Can anyone provide some (possibly simple) example, with the recommended way to shard the time_two, or similar operation, on the CPU to run on multiple threads?

jeongukjae · April 11, 2022, 9:17am

Hi.
How about checking this code?

github.com

tensorflow/tensorflow/blob/22fe0e2bbc4ce8c5c29f325f85ef64ba070e6504/tensorflow/core/kernels/conv_ops_fused_image_transform.cc#L87-L99


      
          auto& worker_threads = *(context->device()->tensorflow_cpu_worker_threads());
          thread::ThreadPool* thread_pool = worker_threads.workers;
          const int64_t total_elements = end - begin;
          // This is a bit of an arbitrary number, but was found to work well for
          // typical models we've been profiling on various devices.
          const int64_t element_cost = 10000000;
          thread_pool->ParallelFor(
              total_elements, element_cost,
              [begin, task_function](int64_t begin_offset, int64_t end_offset) {
                const int64_t task_begin = begin + begin_offset;
                const int64_t task_end = begin + end_offset;
                task_function(task_begin, task_end);
              });

sebastian-sz · April 12, 2022, 6:23am

@jeongukjae Thank you for the example.
Can you perhaps provide a context to the end and begin values?
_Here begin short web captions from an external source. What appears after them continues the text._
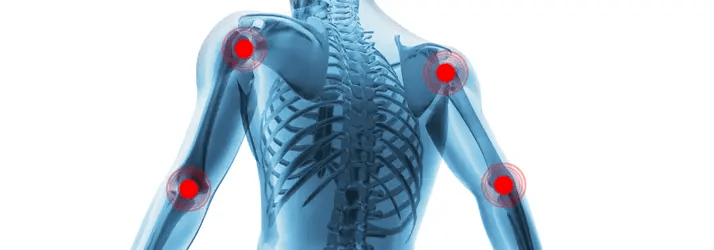 Bursitis Chiropactic Care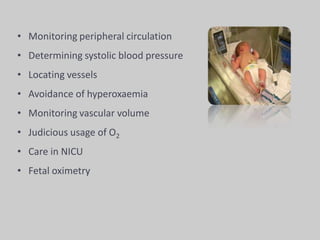 • Monitoring peripheral circulation
• Determining systolic blood pressure
• Locating vessels
• Avoidance of hyperoxaemia
• Monitoring vascular volume
• Judicious usage of O2
• Care in NICU
• Fetal oximetry
 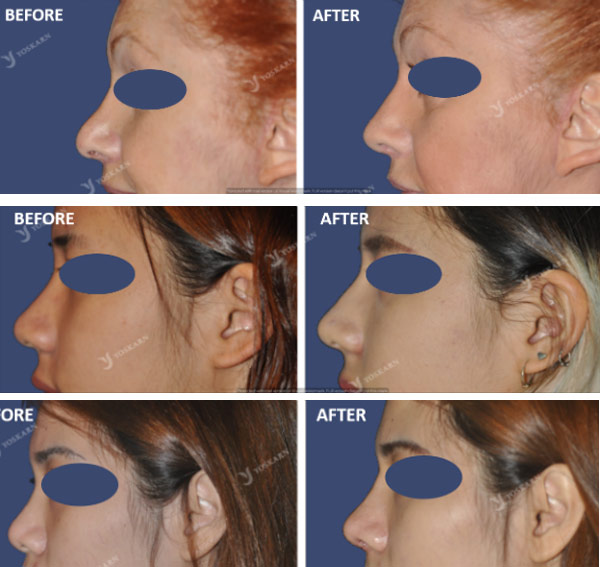 Nose Augmentation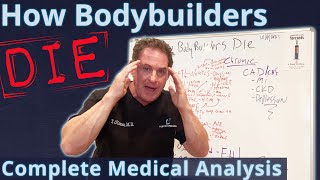 How Bodybuilders Die  Complete Medical Analysis [upl. by Onailil]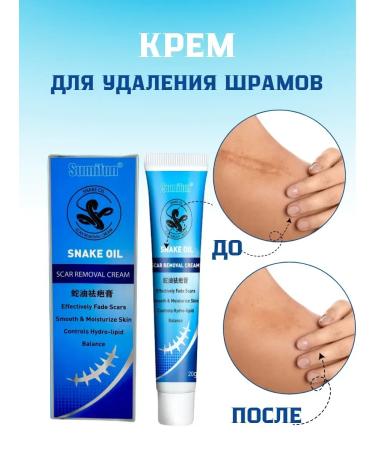 NUNA Cream from stretch marks and scars scars and post -acne - Buy Online on GoSupps.com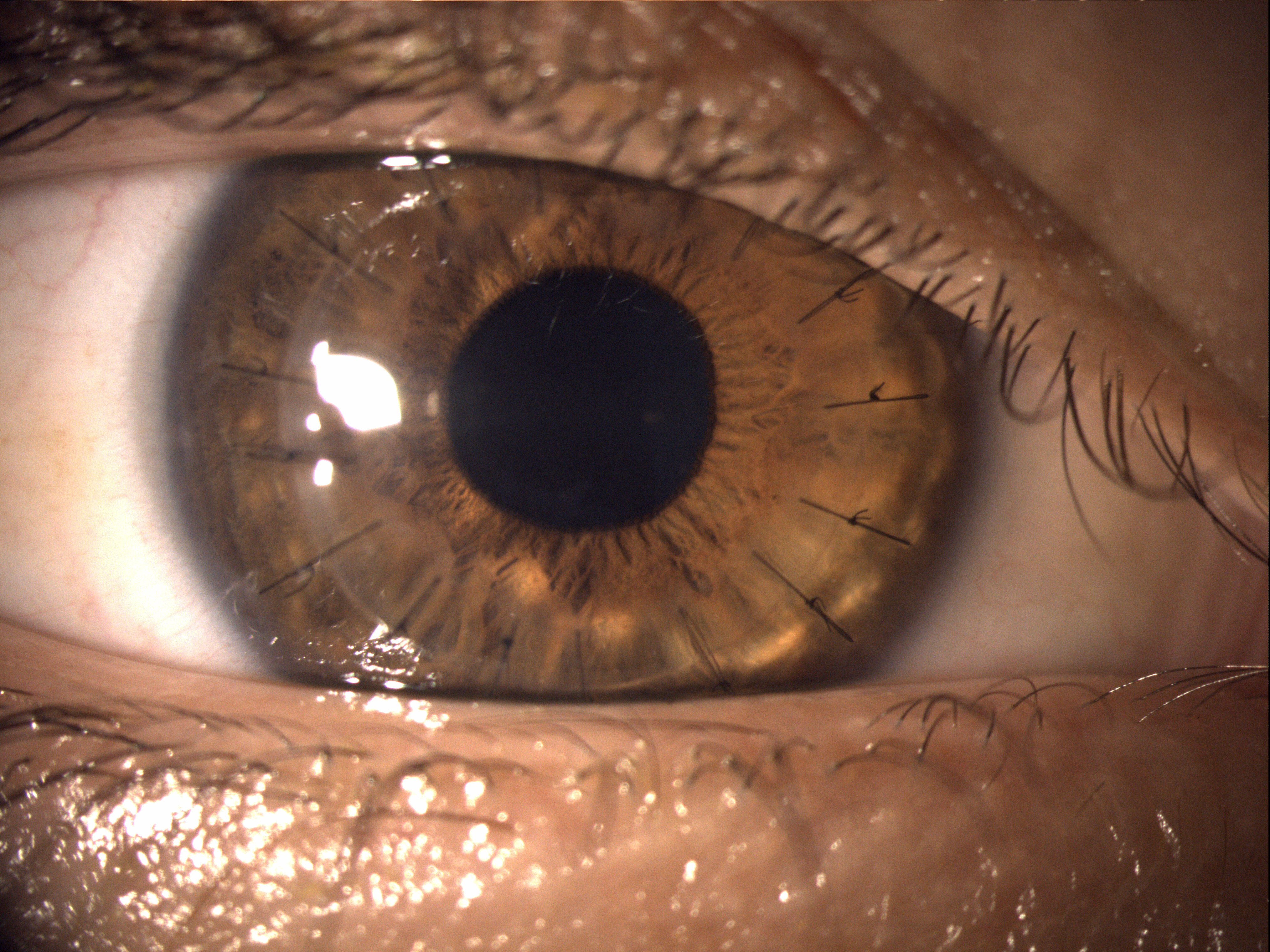 Corneal transplant in Tijuana: modern techniques and recovery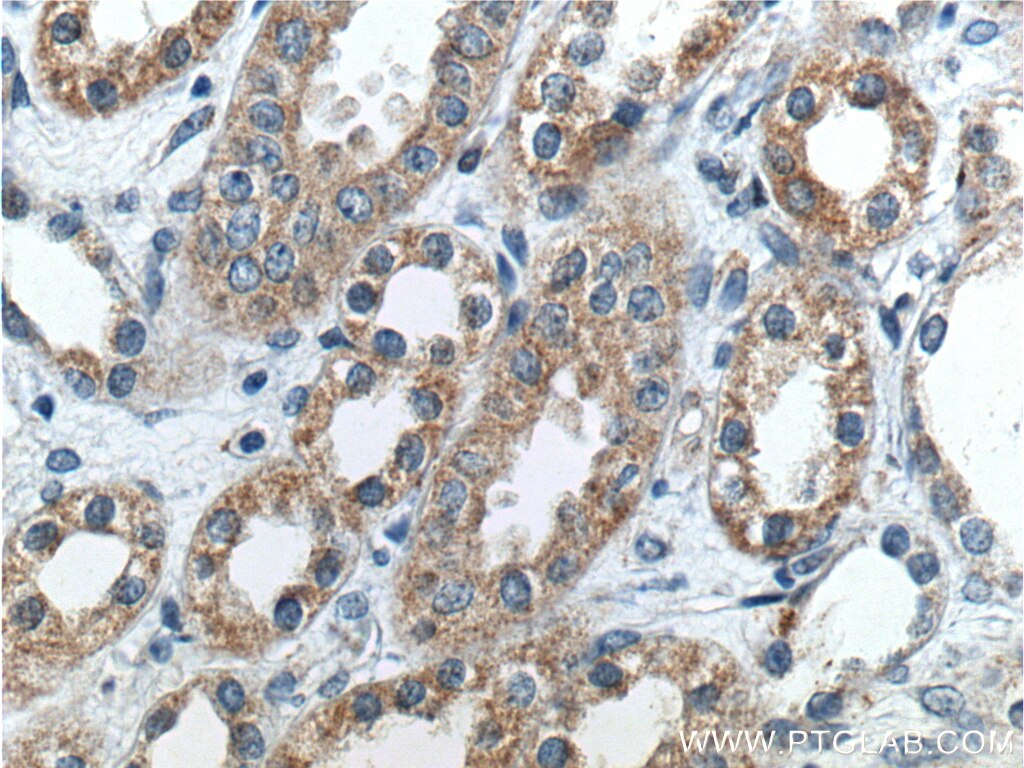 Immunohistochemistry (IHC) staining of human kidney tissue using Beta ENaC Polyclonal antibody (14134-1-AP)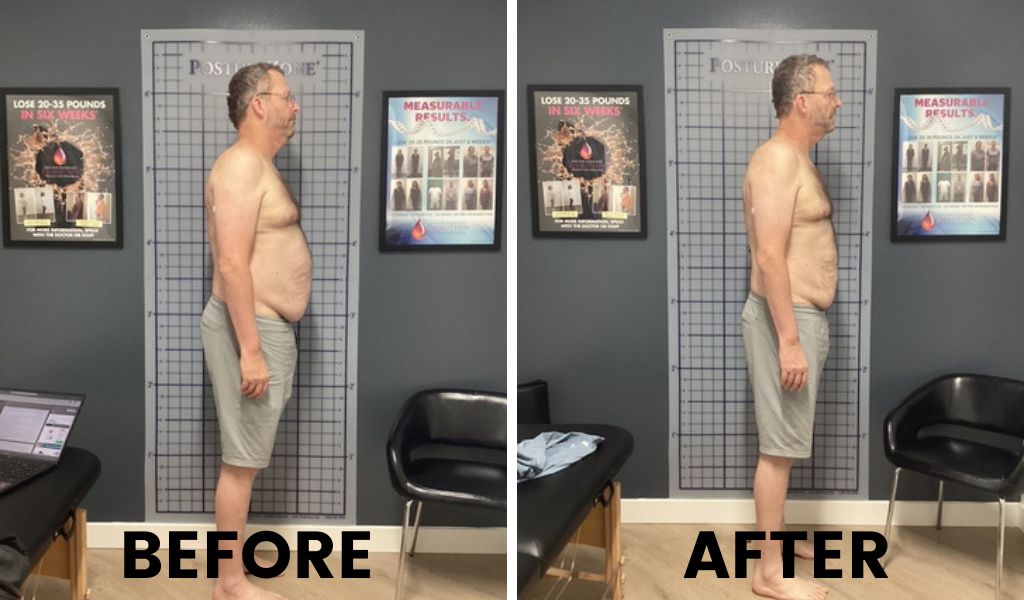 Healthy Lifestyle Support | Lakeside Spine And Wellness June 15, 2026 Weight loss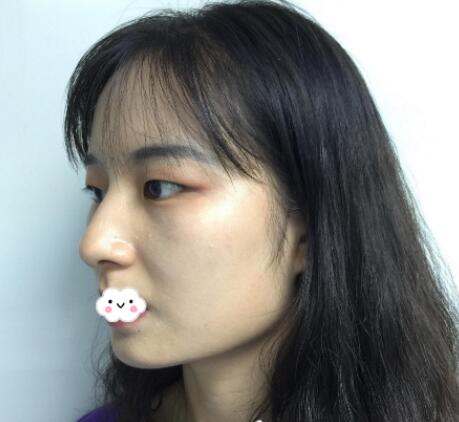 尖下頜角整形介紹 尖下頜角整形介紹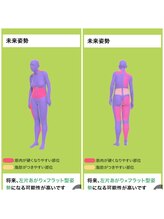 ニコラ(NICORA)/AI診断（姿勢分析）3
I assume they refer to “per thread” values, so for example, given a tensor of total 1000 elements, do I somehow set these values myself?

sebastian-sz · April 16, 2022, 9:03am

Ok, I think I eventually figured it out. Leaving what I found in case anyone else stubmles upon this.

Step 1. Provide `OpKernelContext` to functor

In order to use ParallelFor we must provide OpKernelContext to the functor.
Consider for example time_two.h.

// time_two.h
#ifndef KERNEL_TIME_TWO_H_
#define KERNEL_TIME_TWO_H_

// Include this to allow to use OpKernelContext
#include "tensorflow/core/framework/register_types.h" 

namespace tensorflow {
namespace functor {

template <typename Device, typename T>
struct TimeTwoFunctor {
  void operator()(const Device& d, int size, const T* in, T* out);
};

template <typename Device, typename T>
struct TimeTwoParallelFunctor {
  void operator()(const OpKernelContext* ctx, int size, const T* in, T* out);
};

}  // namespace functor
}  // namespace tensorflow
#endif //KERNEL_TIME_TWO_H_

Step 2. Provide implementation in your `kernel.cc`

The implementation of TimeTwoParallelFunctor would look as follows:

#include "tensorflow/core/util/work_sharder.h"  // without this threadpool error

template <typename T>
struct TimeTwoParallelFunctor<CPUDevice, T> {
  void operator()(OpKernelContext *ctx, int size, const T* in, T* out) {
    auto thread_pool = ctx->device()->tensorflow_cpu_worker_threads()->workers;

    thread_pool->ParallelFor(
      size, size*1000, // size*1000 is cost and I'm not quite sure how to set it properly
      [&in, &out](int64 start_index, int64 end_index) {
        for (int i=start_index; i<end_index; i++) {
          out[i] = 2* in[i];
        }
    });
  }
};

Make sure to include tensorflow/core/util/work_sharder.h or you will get error when attempting to use thread_pool->ParallelFor.

Step 3. Declare the OP.

The OP is declared in the same way as regular time_two with the difference that we are passing context, instead of the device.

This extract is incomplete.